[Try it]: Since pictures are not part of the copy, please output only the lines from the one with "Hair strengthening shampoo" through the end of the data below, exactly as written.

═══ Data shown ═══

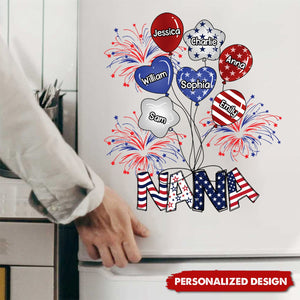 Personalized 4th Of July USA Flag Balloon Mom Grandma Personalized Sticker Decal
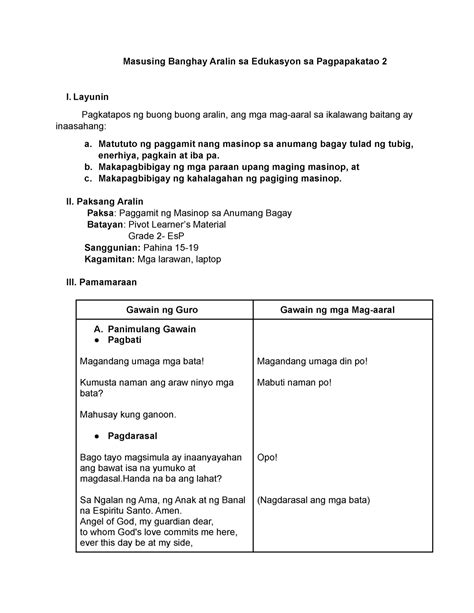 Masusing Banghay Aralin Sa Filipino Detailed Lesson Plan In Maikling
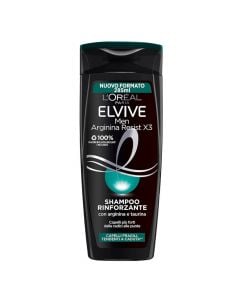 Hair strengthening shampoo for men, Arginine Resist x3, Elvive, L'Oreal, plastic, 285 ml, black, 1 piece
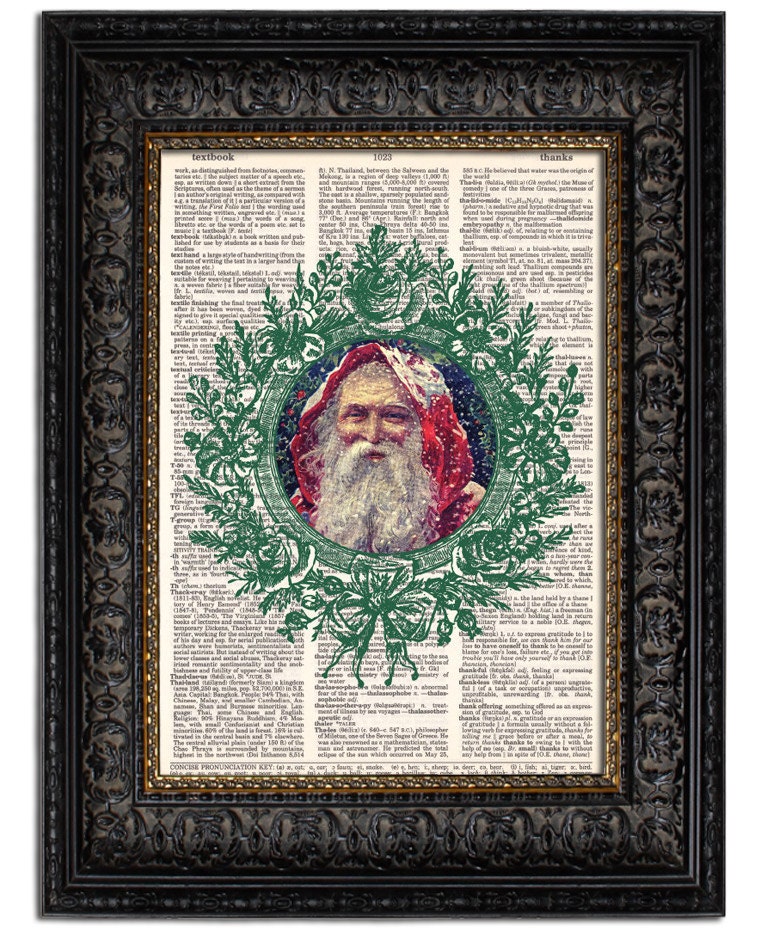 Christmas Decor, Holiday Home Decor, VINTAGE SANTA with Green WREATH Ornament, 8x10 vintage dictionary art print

═══

[Exercise solution]:
 Hair strengthening shampoo for men, Arginine Resist x3, Elvive, L'Oreal, plastic, 285 ml, black, 1 piece
 Christmas Decor, Holiday Home Decor, VINTAGE SANTA with Green WREATH Ornament, 8x10 vintage dictionary art print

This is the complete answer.